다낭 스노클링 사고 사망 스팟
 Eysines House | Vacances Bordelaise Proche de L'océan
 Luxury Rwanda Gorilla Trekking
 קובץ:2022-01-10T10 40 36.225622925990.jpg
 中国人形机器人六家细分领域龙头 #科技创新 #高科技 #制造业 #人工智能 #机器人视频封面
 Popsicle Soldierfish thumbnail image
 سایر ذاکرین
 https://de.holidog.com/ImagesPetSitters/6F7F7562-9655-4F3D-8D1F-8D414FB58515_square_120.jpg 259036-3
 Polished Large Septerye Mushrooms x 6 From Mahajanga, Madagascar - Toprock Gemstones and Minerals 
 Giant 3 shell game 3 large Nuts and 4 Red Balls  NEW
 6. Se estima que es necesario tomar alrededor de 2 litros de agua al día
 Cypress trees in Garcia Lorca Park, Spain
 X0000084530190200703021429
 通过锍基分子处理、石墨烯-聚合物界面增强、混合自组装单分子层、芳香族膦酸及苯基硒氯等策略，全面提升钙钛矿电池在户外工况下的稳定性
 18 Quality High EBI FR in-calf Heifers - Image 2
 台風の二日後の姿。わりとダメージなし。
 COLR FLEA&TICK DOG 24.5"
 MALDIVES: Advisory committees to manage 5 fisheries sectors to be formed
####
** EXERCISE **
Repeat the lines from the one containing "18 Quality High" through the end of the listing, exactly and without any other lines; both ends are included.

** ANSWER SECTION **
 18 Quality High EBI FR in-calf Heifers - Image 2
 台風の二日後の姿。わりとダメージなし。
 COLR FLEA&TICK DOG 24.5"
 MALDIVES: Advisory committees to manage 5 fisheries sectors to be formed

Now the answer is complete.